When a provider is switching to a proprietary commercial licence, it can choose the time, terms and cost. The future costs of software and even its future availability are unknowable, as with any other proprietary software. When previously open software is embedded in or changed into a proprietary product, its users have to agree to the terms of a proprietary licence, be left with an unmaintained version, or fork the last open version of software and carry the associated burden of maintenance forever.

Products subject to this bait-and-switch became popular because they were marketed as FOSS, as developers prefer to have control over what runs in their programs and fix it or have other people fix it, even though they are not affiliated with the original maker of the tool or component. In addition, such platforms are gaining traction because they tend to offer free, one-stop solutions, while expensive licences for commercial alternatives often add up and open source replacement solutions are less integrated. Even developers in large enterprises prefer to use FOSS rather than go through the slow, bureaucratic and multi-layered approval and procurement processes.
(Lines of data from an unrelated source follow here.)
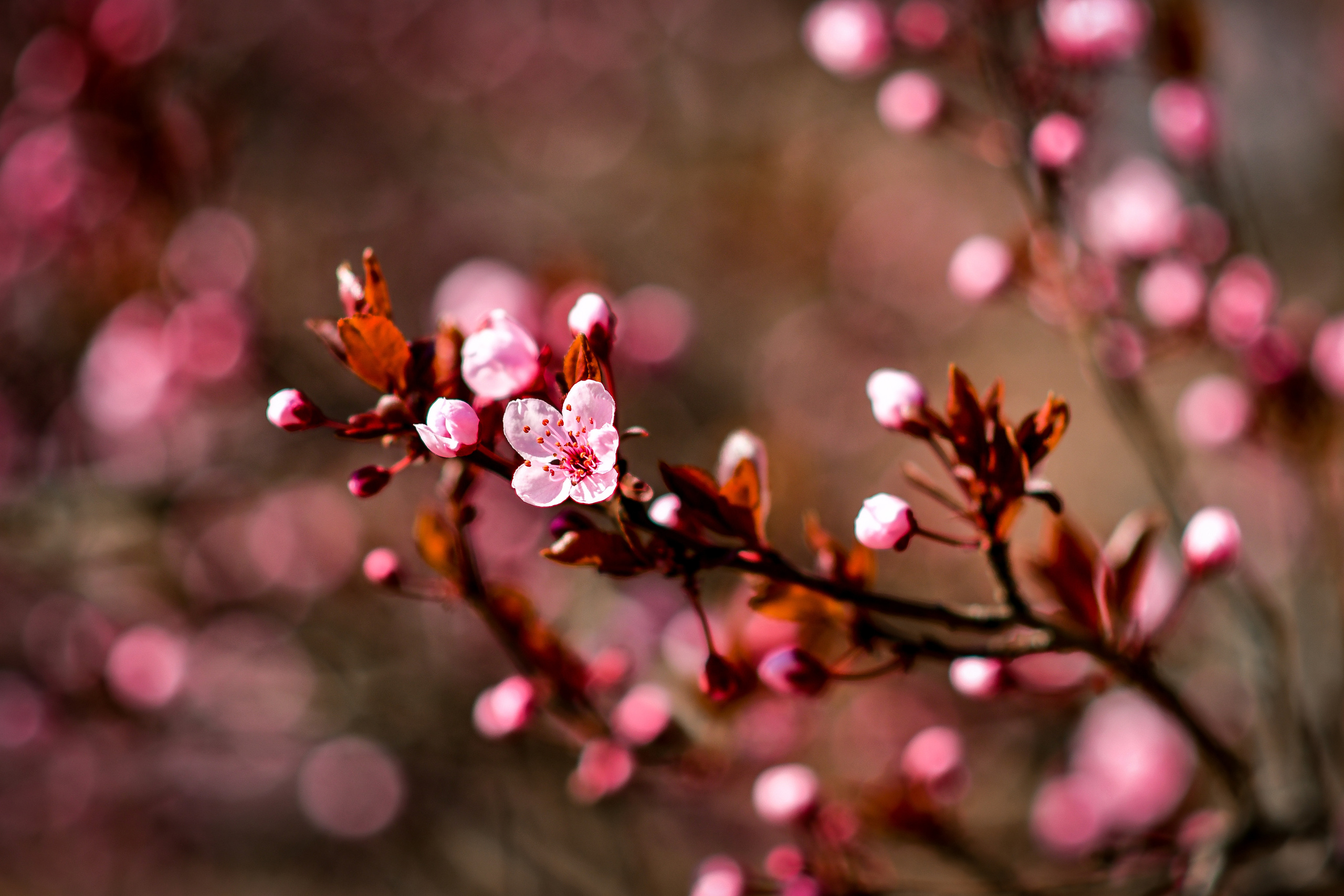 Природа. Семейный и свадебный фотограф в Донецке Донская Анастасия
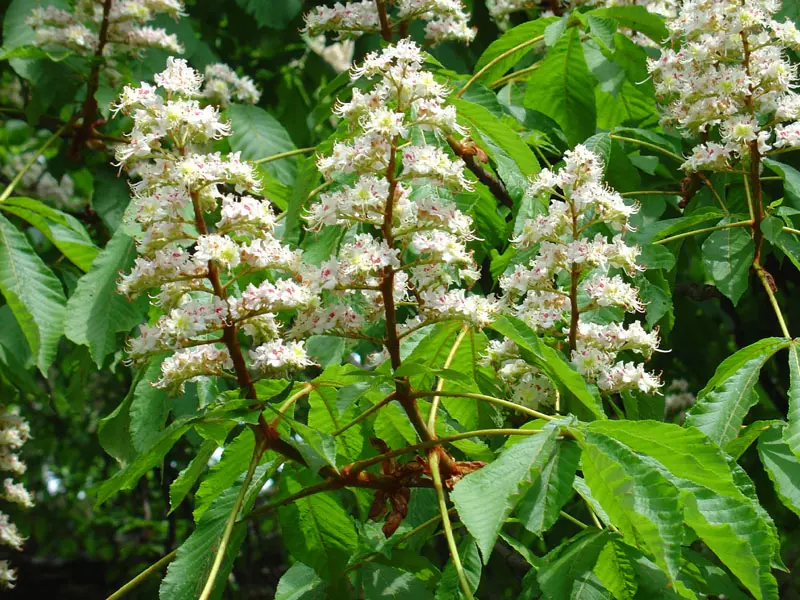 Horse Chestnut Tree 20/40cm (Cell) - Image 7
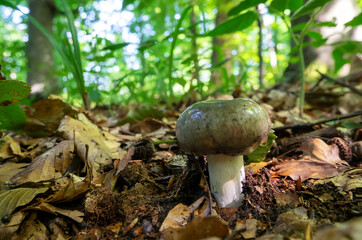 Mushroom russula close-up in a summer forest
The only advantage of the prior FOSS status is the possibility to fork the last open version, but even this window of opportunity may effectively close after some time if the community sticks with the vendor and its proprietary changes. Forks are also hard due to the resources needed and the necessary switch in branding, whereas people do not switch easily from one brand to another.

All this means that access to updates to software under permissive licences and those with the ‘sublicense’ option can be volatile in the long run if the software is controlled by a single company, as the cases of Elasticsearch and MongoDB show. This is why it is so important to choose software that is guaranteed, or, at least, highly likely to remain FOSS.

Copyrights, patents and warranties

Copyright is a form of intellectual property that allows the creator of an original work to license that work to the extent governed by copyright law. No registration or official notice is required to declare copyright in a work, only a clear and visible statement of copyright and a definition of its subject. Copyright can also be easily transferred to another subject, typically by contract or statement. Since open source software licences already by definition make the work available to everyone under clear conditions, copyright as such is not an issue, but the actual details of licensing conditions. The licence is affected by whether copyright is stated in the licence text and how the text of the licence and the copyright notice (containing the original copyright and attribution notices) should be included and presented in the licenced material. The licence may require the copyright notice for source code only, or may also require it for binaries.

Patents are a much more complex form of intellectual property. An organisation or individual that has invented something substantial, new and useful proves this through a regulated, expensive and time-consuming patent registration procedure. If this process is successful, the patent holder is granted the right that excludes others from making, using, selling, offering or making available the patented invention for a predetermined period (e.g., 20 years), and fees may be charged for using the patent. A patent can earn the owner the associated royalties in the form of financial compensation for the use of the invention, while its infringements are internationally enforceable and can be prosecuted in court. Patent owners try to extend the boundaries of their patent while seeking infringements to maximise royalties and penalties to cover the costs of invention development, filing or acquiring and maintaining the patent, scanning for infringements and litigation. Therefore, there is always a risk of possible and even unwitting infringement of a patent by the licensor of software and subsequently by its licensees.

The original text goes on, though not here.